# X5 E53 2005 automatic transmission oil type



## Kelly Cheruiyot (Aug 12, 2021)

Kindly advise on the oil type to be used for an X5 E53 2005 3.0i petrol engine gearbox (automatic transmission)
ATF II D?


----------



## Kelly Cheruiyot (Aug 12, 2021)

I have a problem with gear change from number 1 to 2, drained the oil, it's to dark and smells like it's burnt up.
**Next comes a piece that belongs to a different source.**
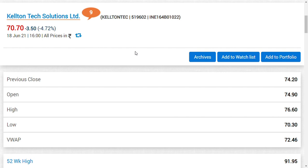Second thing is that I attended this conference call of Kellton Tech Solutions and I surprisingly noted two important factors. They are appointing some new head for European sector, and second thing is what they're trying to convey to the shareholders.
Will need to change this for sure.
The transfer case night also have a problem with the actuator motor while engaging, the 4X4 comes up, after a short drive I clear with the DSC button
Probably the plastic gear wheel is worn out too.
But first I need replacement of gearbox oil, what type do I use


----------



## Doug Huffman (Apr 25, 2015)

Kelly Cheruiyot said:


> Kindly advise on the oil type to be used for an X5 E53 2005 3.0i petrol engine gearbox (automatic transmission)
> ATF II D?


Automatic Transmission Fluid to be used should be BMW / ZF Lifeguard in accordance with manufacturer’s recommendation.

Transfer Case must be 
BMW E53 X5 3.0i SAV / Repair Manuals and Technical Data / 27 Transfer box /
27 operating fluid overview Transmission oil Transfer box oil DTF 1 1l, Bottle 83222409710

or approved equivalent.


----------